[Short text fragments from websites]

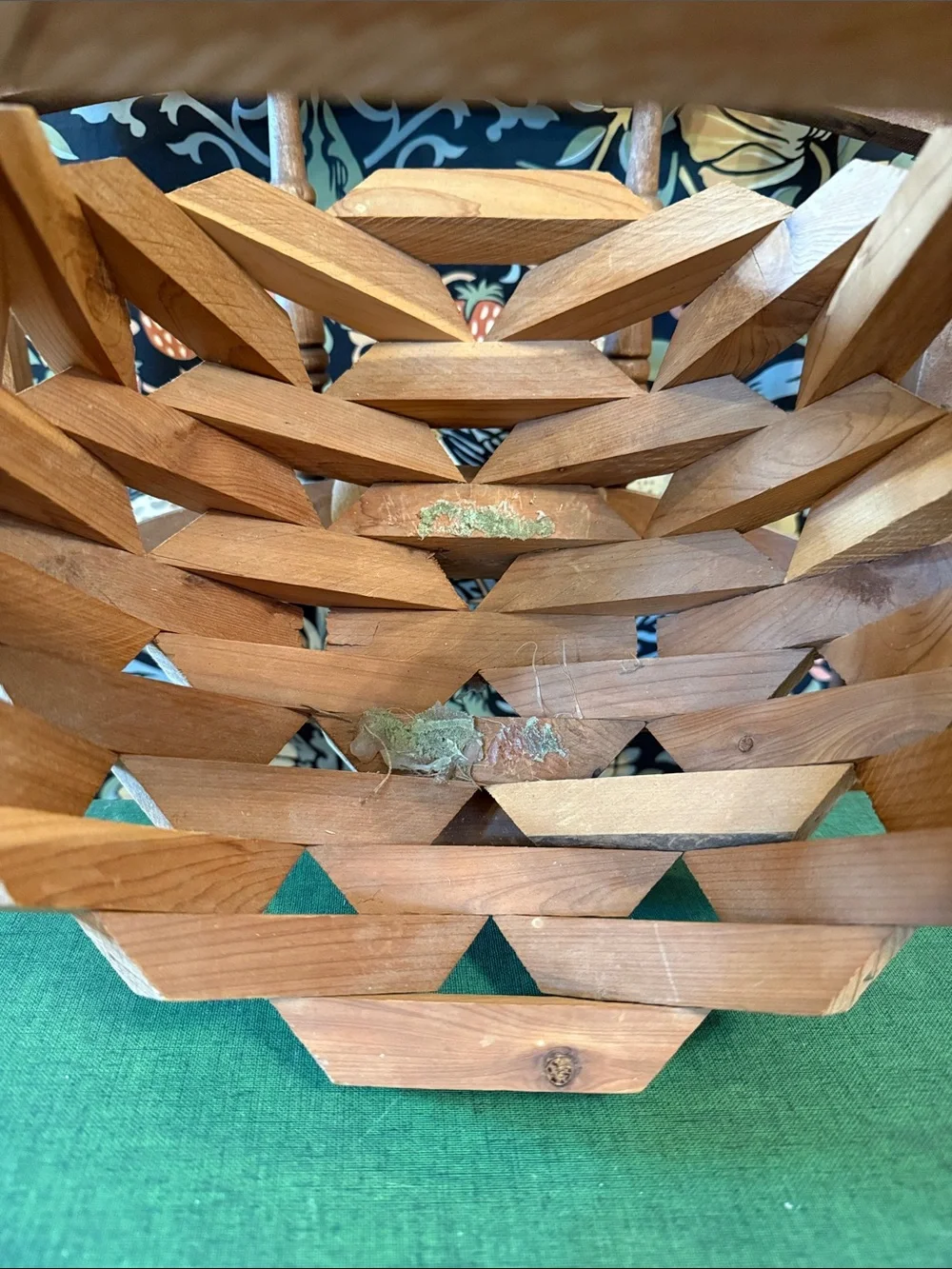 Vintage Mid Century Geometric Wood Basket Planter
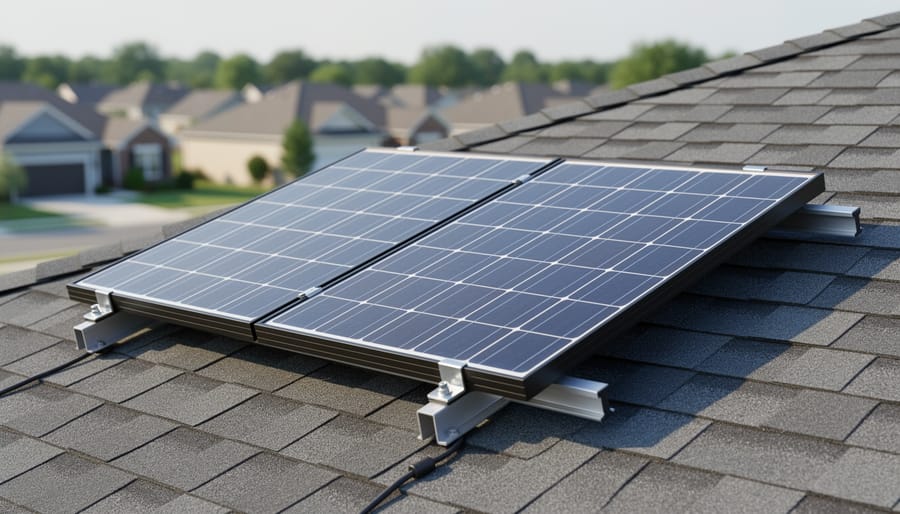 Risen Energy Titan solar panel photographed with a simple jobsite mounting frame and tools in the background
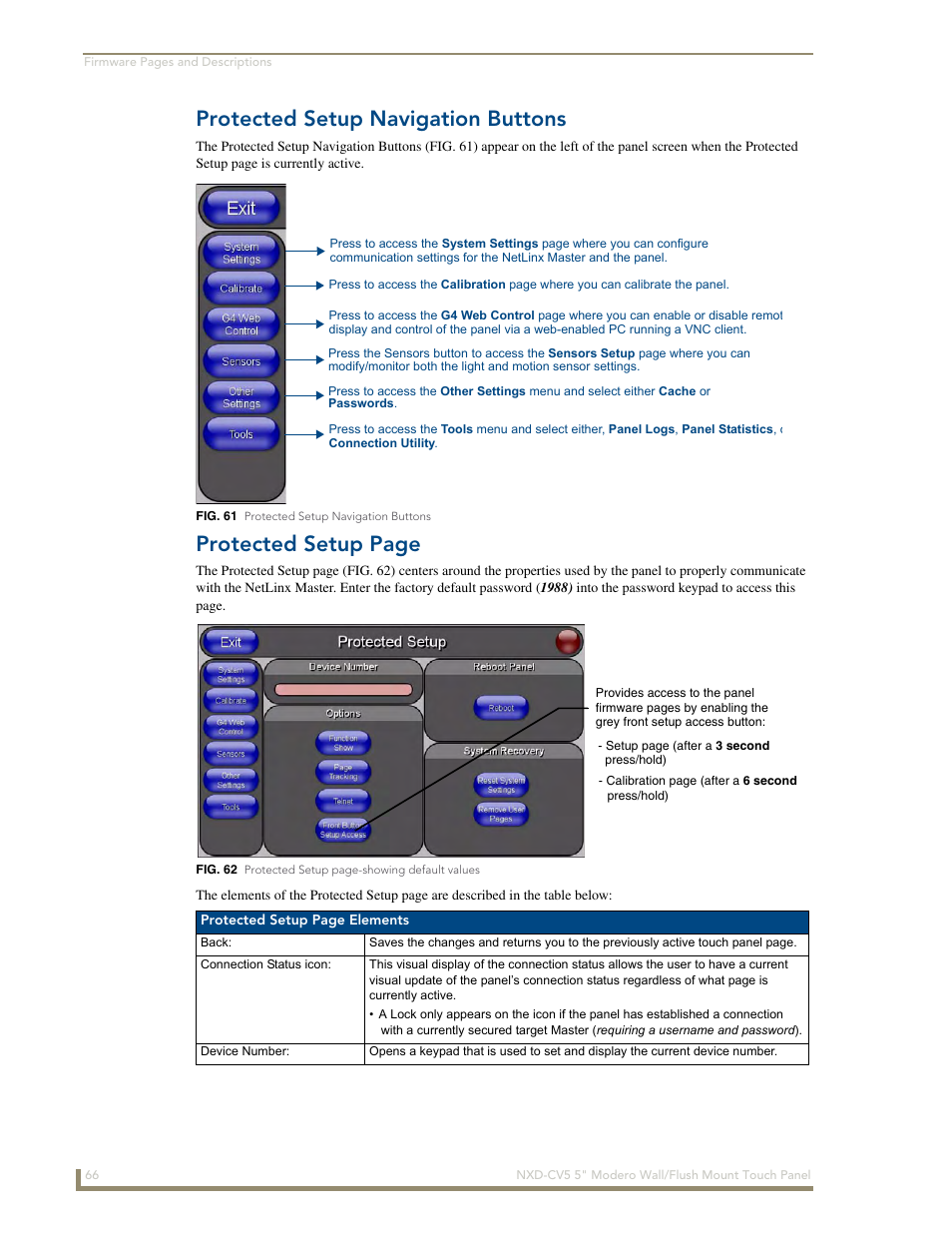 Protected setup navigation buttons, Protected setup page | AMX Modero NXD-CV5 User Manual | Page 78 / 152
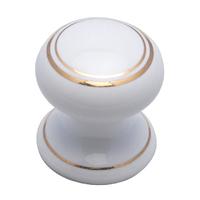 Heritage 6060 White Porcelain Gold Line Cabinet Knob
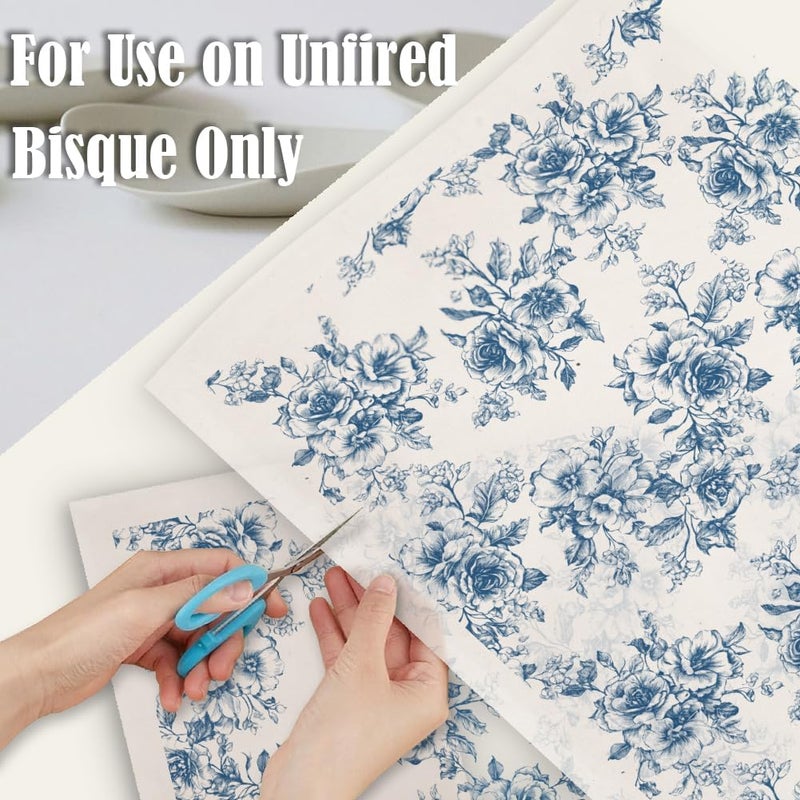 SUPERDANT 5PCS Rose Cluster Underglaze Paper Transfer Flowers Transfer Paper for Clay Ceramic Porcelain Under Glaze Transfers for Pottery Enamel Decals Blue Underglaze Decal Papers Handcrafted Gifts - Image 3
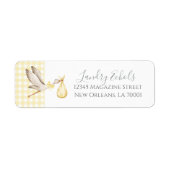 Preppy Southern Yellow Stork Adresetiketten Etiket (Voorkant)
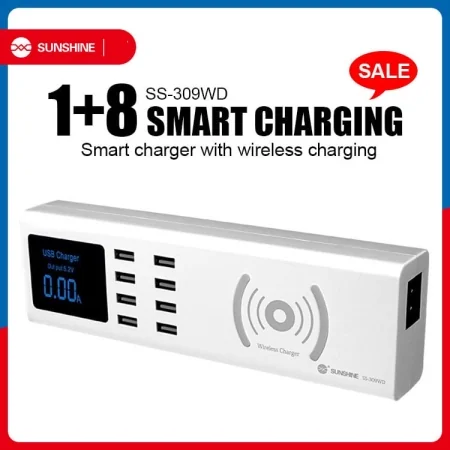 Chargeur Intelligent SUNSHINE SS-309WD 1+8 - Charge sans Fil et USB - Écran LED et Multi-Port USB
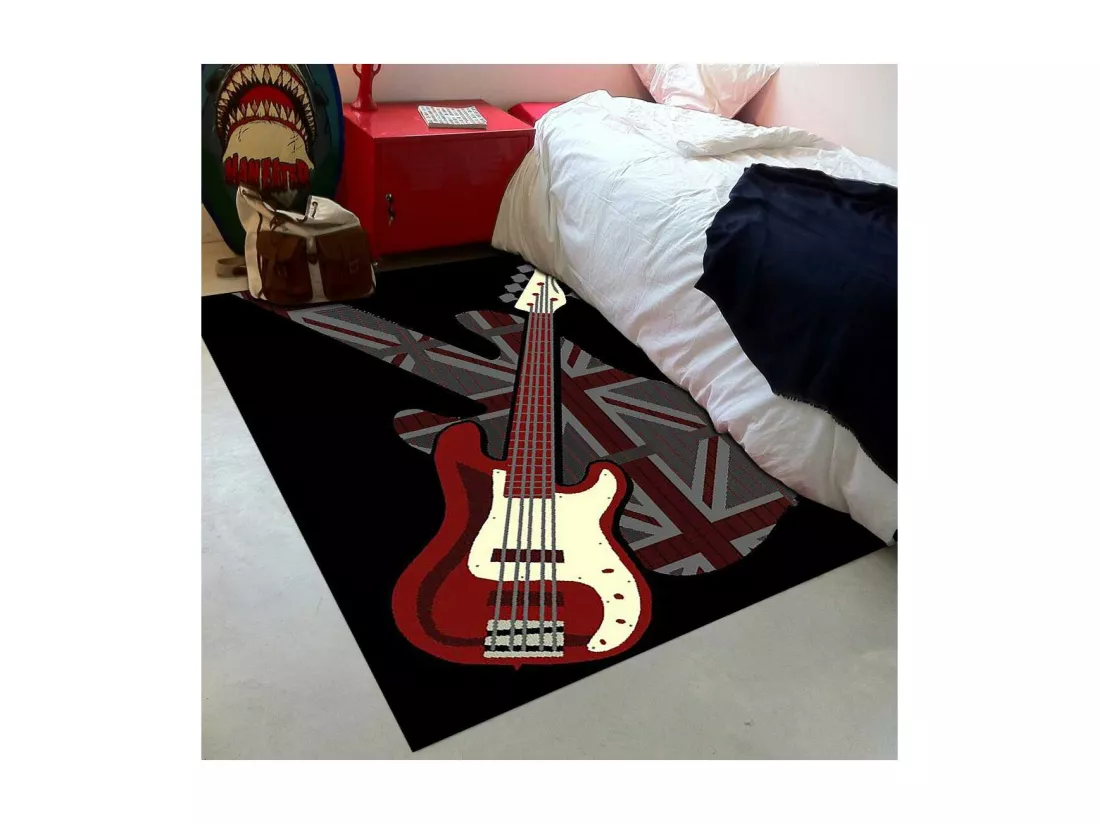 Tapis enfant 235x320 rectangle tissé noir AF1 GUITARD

• _Your objective_
Each record above is to be returned unchanged, while any picture it holds stays out.

• _Output for this task_
 Vintage Mid Century Geometric Wood Basket Planter
 Risen Energy Titan solar panel photographed with a simple jobsite mounting frame and tools in the background
 Protected setup navigation buttons, Protected setup page | AMX Modero NXD-CV5 User Manual | Page 78 / 152
 Heritage 6060 White Porcelain Gold Line Cabinet Knob
 SUPERDANT 5PCS Rose Cluster Underglaze Paper Transfer Flowers Transfer Paper for Clay Ceramic Porcelain Under Glaze Transfers for Pottery Enamel Decals Blue Underglaze Decal Papers Handcrafted Gifts - Image 3
 Preppy Southern Yellow Stork Adresetiketten Etiket (Voorkant)
 Chargeur Intelligent SUNSHINE SS-309WD 1+8 - Charge sans Fil et USB - Écran LED et Multi-Port USB
 Tapis enfant 235x320 rectangle tissé noir AF1 GUITARD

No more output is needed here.